Why 'Love Actually' is not the lovely Christmas film you think it is
Time to close the door on December’s most divisive movie
There are several new additions to the festive agenda which, every year, require you to have an opinion: gingerbread-flavoured coffee; the schmaltzy John Lewis advert; politicians’ awkwardly grimacing Christmas cards. Yet none of these are anywhere near as divisive asLove Actually, quite possibly the best worst festive film to have ever graced the silver screen.
In the 14 years since Love Actually was released, a lot has changed. Thus, context is important. It’s a relic, a throwback to a time we’ve pretty much left behind. Take Colin Frissell, the intrepid sex adventurer who heads to America shouting about his “big knob” and succeeds, a sort-of wish fulfilment fantasy for blokes in the era of the lads mag.
Then there’s Colin Firth’s character, who traffics away his twenty-something Portuguese housekeeper with nothing more than a few lines of garbled Portuguese, or Alan Rickman’s hapless boss, who despite being middle-aged and uninterested just can’t help being pounced on by a lingerie-flaunting assistant half his age.

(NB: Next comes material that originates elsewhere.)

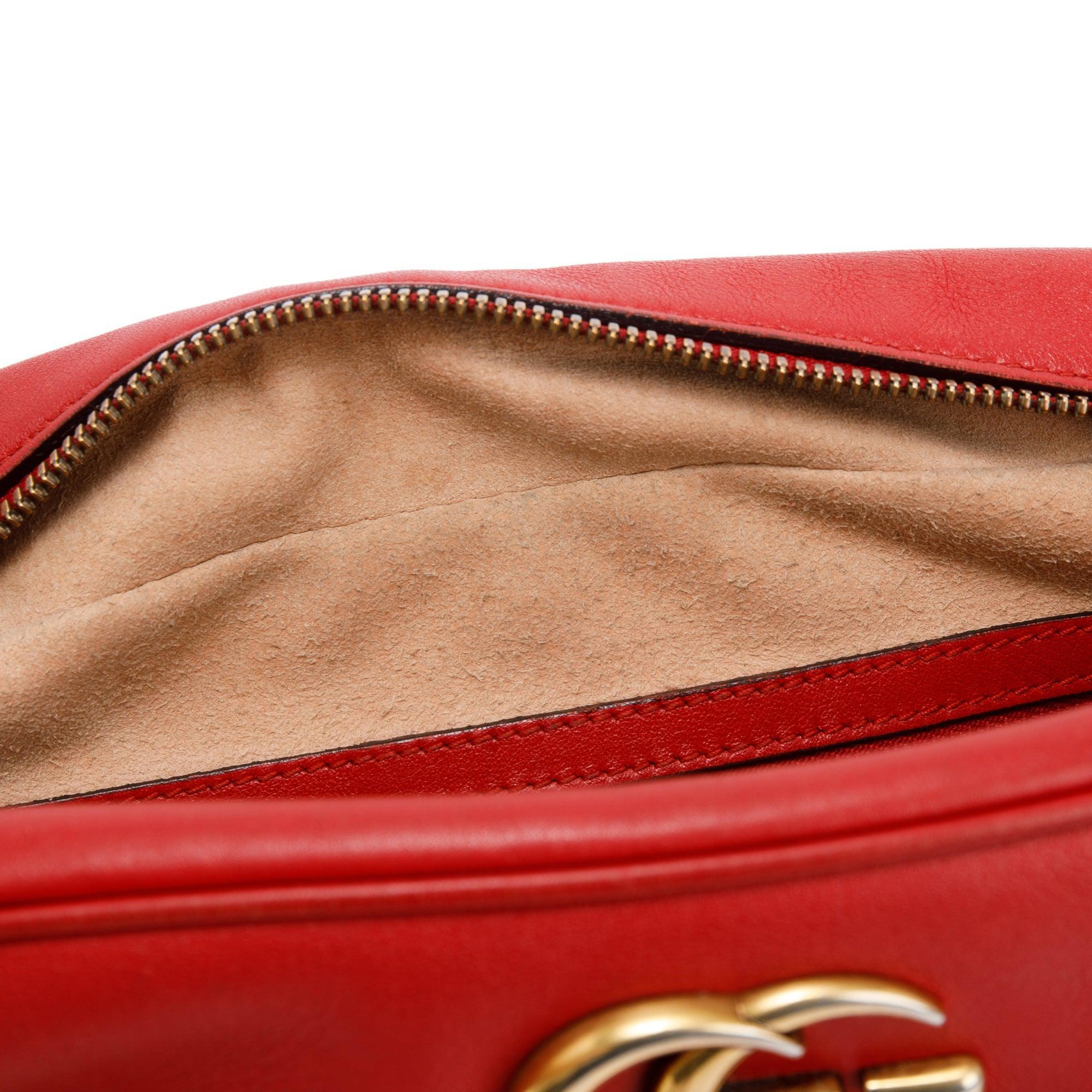 Gucci Red Medium GG Marmont Matelasse Bag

This is a film about men getting what they want, at a juncture when they always did (and often still do now) without consequence. Even the Prime Minister gets to shag his PA while dodging a sexual harassment suit, a dream-come-true for many middle-aged men in Westminster. Hugh Grant’s PM grates on the viewer now, a fawning Tony Blair tribute which falls a little flat in an era which is a little less “Things Can Only Get Better” and a bit more “Nope, things can get a hell of a lot worse”.

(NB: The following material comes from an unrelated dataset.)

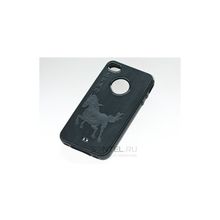 Силиконовая накладка для iPhone 4 4S вид №12 black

A sex pest President? We’ve got one in real life – we don’t need to hear Martine McCutcheon call herself a “prize idiot” for getting groped by one. Yet the female characters in Love Actually exist as nothing more than victims, or playthings, or both. They sit around waiting for men to choose them, and cry to Joni Mitchell when they don’t.
Even the storylines which could easily have been tied up without any romantic subplot chuck supermodels at their doughy, middle-aged protagonists for the hell of it: Liam Neeson’s shy stepdad with Claudia Schiffer, and Bill Nighy’s ageing rockstar with ‘Greta’ (she isn’t afforded the luxury of a surname, or indeed a single line of dialogue).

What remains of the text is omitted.